Sócrates explicou que a intenção é "dar conta de tudo o que se passou ao relator especial das Nações Unidas para que ele possa acompanhar as sérias violações do Estado de direito em Portugal", sublinhando que, com a Operação Marquês sofre há 12 anos "de abusos e perseguição política".
O ex-primeiro-ministro disse ainda terem sido enviadas três cartas -- em novembro, dezembro e janeiro -- com atualizações do processo ao Tribunal Europeu dos Direitos Humanos, integrado no Conselho da Europa e sediado em Estrasburgo, França, nomeadamente a recusa da juíza em aceitar um adiamento devido ao internamento hospitalar do advogado José Preto, que levou a uma segunda renúncia entre os seus defensores, depois de Pedro Delille por desentendimentos com a juíza Susana Seca.
A sua equipa de advogados referiu também a Estrasburgo o facto de o ex-presidente do BES, Ricardo Salgado, estar a ser julgado apesar de "demente e incapaz de se defender", a promoção do juiz Carlos Alexandre e a criação de um grupo especial no Conselho Superior de Magistratura para acompanhar o processo Marquês.
Na base da queixa ao tribunal europeu, referiu, mantêm-se dois factos: o alegado lapso de escrita "que transformou um crime de corrupção por ato lícito em corrupção por ato ilícito" e que originou o atual julgamento, que começou em 2024, e também a alegada perseguição do Estado ao juiz Ivo Rosa, que o tinha já ilibado.
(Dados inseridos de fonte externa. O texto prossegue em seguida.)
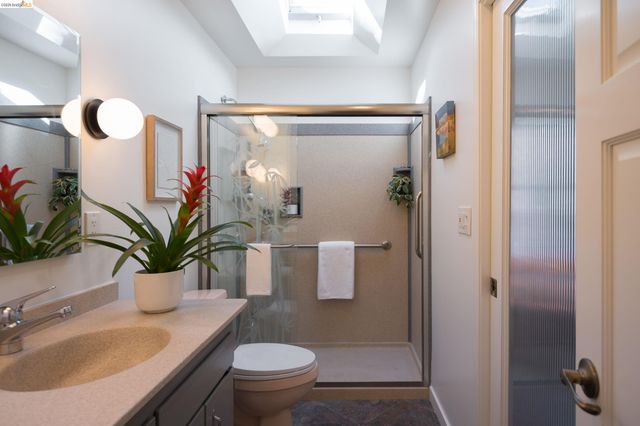 5437 Poinsett Ave, El Cerrito, CA 94530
"Mudaram o crime sem me terem comunicado, fui preso em 2014 e esta acusação é de 2024", salientou, garantindo que agora luta "pelo direito de não ser julgado".
Na queixa enviada em julho de 2025 para o Tribunal Europeu dos Direitos Humanos -- e que tem um prazo de 12 a 18 meses para ser admitida -, Sócrates alega que Portugal viola o artigo 6.º da Carta Europeia dos Direitos Humanos, referente à equitatividade processual, referindo que "qualquer pessoa tem direito a que a sua causa seja examinada, equitativa e publicamente, num prazo razoável por um tribunal independente e imparcial, estabelecido pela lei, o qual decidirá, quer sobre a determinação dos seus direitos e obrigações de caráter civil, quer sobre o fundamento de qualquer acusação em matéria penal dirigida contra ela".
José Sócrates, de 68 anos, está pronunciado (acusado após instrução) de 22 crimes, incluindo três de corrupção, por ter, alegadamente, recebido dinheiro para beneficiar o grupo Lena, o Grupo Espírito Santo (GES) e o 'resort' algarvio de Vale do Lobo.
No total, o processo conta com 21 arguidos, que têm, em geral, negado a prática dos 117 crimes económico-financeiros que globalmente lhes são imputados.
Os ilícitos terão sido praticados entre 2005 e 2014 e, no primeiro semestre deste ano, podem prescrever, segundo o tribunal, os crimes de corrupção mais antigos, relacionados com Vale do Lobo.
José Sócrates e os restantes arguidos foram dispensados pelo tribunal de comparecer no julgamento, iniciado em 03 de julho de 2025, e têm estado todos ausentes das últimas sessões.